§ EXERCISE DETAILS
Begin at the line below that has "Skull Rose-Red ID" and stop after the line that has "Grinch Santa Hat". Please restate only those lines, word for word.

------------------------------

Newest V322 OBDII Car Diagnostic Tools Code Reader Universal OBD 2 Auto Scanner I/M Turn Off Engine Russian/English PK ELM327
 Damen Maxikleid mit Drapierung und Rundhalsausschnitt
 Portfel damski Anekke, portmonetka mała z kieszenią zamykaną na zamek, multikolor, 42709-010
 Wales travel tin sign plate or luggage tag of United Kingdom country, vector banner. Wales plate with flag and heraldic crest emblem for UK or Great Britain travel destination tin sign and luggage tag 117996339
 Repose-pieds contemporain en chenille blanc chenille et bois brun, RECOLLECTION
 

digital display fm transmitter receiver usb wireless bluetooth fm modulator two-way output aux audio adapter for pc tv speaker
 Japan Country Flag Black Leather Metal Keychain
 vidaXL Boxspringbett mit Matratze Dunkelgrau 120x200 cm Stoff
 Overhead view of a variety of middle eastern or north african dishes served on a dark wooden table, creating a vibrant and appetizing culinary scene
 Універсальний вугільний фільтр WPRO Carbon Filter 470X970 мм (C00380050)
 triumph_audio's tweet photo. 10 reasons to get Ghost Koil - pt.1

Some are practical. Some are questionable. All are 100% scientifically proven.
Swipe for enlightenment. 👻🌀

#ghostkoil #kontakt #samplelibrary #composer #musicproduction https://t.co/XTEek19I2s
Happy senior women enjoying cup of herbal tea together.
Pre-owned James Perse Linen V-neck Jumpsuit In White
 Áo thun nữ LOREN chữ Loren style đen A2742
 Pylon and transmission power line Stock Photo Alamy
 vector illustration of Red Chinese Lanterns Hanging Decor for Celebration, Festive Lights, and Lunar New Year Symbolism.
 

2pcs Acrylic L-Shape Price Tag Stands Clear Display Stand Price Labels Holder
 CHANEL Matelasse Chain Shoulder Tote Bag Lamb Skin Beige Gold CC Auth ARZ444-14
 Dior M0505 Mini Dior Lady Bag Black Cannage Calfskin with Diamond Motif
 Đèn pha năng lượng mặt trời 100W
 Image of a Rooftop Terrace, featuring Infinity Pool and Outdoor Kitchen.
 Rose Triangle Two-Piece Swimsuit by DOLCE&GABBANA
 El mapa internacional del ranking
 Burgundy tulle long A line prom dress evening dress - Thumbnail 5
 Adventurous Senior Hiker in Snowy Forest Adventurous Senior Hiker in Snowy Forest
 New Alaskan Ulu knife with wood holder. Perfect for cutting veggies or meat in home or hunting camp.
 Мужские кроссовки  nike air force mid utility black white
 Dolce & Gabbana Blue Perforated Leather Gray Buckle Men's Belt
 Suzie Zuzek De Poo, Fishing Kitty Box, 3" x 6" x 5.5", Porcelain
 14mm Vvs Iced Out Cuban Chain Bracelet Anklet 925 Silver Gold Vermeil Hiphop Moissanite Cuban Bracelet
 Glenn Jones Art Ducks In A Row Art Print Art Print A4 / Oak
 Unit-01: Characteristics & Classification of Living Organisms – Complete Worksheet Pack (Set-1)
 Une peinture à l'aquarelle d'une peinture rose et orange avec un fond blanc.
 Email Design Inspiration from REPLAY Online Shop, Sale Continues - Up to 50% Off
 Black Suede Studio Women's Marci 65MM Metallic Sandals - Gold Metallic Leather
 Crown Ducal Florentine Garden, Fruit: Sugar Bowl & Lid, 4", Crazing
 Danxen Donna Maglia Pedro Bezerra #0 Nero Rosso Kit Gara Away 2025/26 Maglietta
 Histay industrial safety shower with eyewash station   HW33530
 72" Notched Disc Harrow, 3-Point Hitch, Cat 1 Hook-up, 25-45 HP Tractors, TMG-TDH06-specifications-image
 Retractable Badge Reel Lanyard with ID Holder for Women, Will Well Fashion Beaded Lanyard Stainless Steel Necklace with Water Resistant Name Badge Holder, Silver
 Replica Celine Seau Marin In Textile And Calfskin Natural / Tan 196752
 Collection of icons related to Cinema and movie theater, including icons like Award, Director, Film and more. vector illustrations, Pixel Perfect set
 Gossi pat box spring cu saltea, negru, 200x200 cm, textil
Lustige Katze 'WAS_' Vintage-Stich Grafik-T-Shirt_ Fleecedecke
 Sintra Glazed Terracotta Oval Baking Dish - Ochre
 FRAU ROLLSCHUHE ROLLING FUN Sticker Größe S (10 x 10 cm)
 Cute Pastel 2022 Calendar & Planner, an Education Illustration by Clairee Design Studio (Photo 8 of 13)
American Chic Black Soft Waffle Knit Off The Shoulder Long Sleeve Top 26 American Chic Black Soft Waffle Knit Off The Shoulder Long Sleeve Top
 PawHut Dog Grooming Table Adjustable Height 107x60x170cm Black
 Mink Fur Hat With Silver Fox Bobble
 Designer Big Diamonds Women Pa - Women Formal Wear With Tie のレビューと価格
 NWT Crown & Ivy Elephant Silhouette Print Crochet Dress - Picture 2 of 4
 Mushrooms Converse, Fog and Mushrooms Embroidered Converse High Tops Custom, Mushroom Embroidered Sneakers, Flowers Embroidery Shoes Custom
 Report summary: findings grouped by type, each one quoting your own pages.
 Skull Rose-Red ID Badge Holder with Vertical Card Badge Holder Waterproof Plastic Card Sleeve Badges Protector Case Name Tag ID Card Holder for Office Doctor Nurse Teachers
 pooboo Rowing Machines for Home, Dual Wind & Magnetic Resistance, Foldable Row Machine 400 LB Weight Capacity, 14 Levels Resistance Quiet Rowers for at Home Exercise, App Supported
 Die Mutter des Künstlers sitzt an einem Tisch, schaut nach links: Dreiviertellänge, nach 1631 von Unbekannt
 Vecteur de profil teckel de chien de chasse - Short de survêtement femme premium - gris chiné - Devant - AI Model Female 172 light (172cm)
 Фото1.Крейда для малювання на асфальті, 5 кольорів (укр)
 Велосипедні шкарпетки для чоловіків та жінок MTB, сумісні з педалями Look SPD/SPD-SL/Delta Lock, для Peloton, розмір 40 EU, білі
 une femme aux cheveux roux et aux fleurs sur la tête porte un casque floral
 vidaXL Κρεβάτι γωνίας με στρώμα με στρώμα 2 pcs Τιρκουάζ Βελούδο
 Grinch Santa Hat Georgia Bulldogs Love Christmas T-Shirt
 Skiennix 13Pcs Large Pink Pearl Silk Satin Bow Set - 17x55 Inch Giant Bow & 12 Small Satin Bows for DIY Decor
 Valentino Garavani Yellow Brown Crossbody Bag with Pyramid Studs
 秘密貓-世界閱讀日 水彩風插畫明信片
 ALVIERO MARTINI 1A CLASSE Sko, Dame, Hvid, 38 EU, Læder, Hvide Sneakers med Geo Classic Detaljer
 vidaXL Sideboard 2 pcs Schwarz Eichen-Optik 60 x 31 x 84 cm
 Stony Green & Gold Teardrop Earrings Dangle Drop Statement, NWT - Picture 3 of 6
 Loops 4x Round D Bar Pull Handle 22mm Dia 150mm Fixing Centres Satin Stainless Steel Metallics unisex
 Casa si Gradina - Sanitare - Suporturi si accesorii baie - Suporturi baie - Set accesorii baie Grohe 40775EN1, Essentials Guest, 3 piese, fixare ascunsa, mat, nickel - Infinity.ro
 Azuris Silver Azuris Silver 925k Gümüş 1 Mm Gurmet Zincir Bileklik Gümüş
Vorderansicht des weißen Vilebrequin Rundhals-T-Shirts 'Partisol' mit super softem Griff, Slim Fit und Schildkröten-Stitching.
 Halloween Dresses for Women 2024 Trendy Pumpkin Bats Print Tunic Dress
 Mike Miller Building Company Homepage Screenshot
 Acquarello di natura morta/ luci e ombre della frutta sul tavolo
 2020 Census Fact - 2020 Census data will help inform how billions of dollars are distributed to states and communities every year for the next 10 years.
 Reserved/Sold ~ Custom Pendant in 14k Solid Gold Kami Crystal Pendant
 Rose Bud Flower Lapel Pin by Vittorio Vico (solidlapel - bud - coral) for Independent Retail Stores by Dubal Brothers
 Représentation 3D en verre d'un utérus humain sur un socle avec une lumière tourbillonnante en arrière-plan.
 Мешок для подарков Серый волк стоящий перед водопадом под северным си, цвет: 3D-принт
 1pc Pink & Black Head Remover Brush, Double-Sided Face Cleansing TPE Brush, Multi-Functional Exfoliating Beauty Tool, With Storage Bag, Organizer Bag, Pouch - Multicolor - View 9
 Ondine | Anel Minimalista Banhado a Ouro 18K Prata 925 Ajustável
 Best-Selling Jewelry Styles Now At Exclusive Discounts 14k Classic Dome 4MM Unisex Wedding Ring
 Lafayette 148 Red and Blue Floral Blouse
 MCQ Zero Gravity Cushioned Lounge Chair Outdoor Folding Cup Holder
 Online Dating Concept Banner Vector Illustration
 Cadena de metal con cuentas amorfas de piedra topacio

------------------------------

§ WRITTEN RESPONSE
 Skull Rose-Red ID Badge Holder with Vertical Card Badge Holder Waterproof Plastic Card Sleeve Badges Protector Case Name Tag ID Card Holder for Office Doctor Nurse Teachers
 pooboo Rowing Machines for Home, Dual Wind & Magnetic Resistance, Foldable Row Machine 400 LB Weight Capacity, 14 Levels Resistance Quiet Rowers for at Home Exercise, App Supported
 Die Mutter des Künstlers sitzt an einem Tisch, schaut nach links: Dreiviertellänge, nach 1631 von Unbekannt
 Vecteur de profil teckel de chien de chasse - Short de survêtement femme premium - gris chiné - Devant - AI Model Female 172 light (172cm)
 Фото1.Крейда для малювання на асфальті, 5 кольорів (укр)
 Велосипедні шкарпетки для чоловіків та жінок MTB, сумісні з педалями Look SPD/SPD-SL/Delta Lock, для Peloton, розмір 40 EU, білі
 une femme aux cheveux roux et aux fleurs sur la tête porte un casque floral
 vidaXL Κρεβάτι γωνίας με στρώμα με στρώμα 2 pcs Τιρκουάζ Βελούδο
 Grinch Santa Hat Georgia Bulldogs Love Christmas T-Shirt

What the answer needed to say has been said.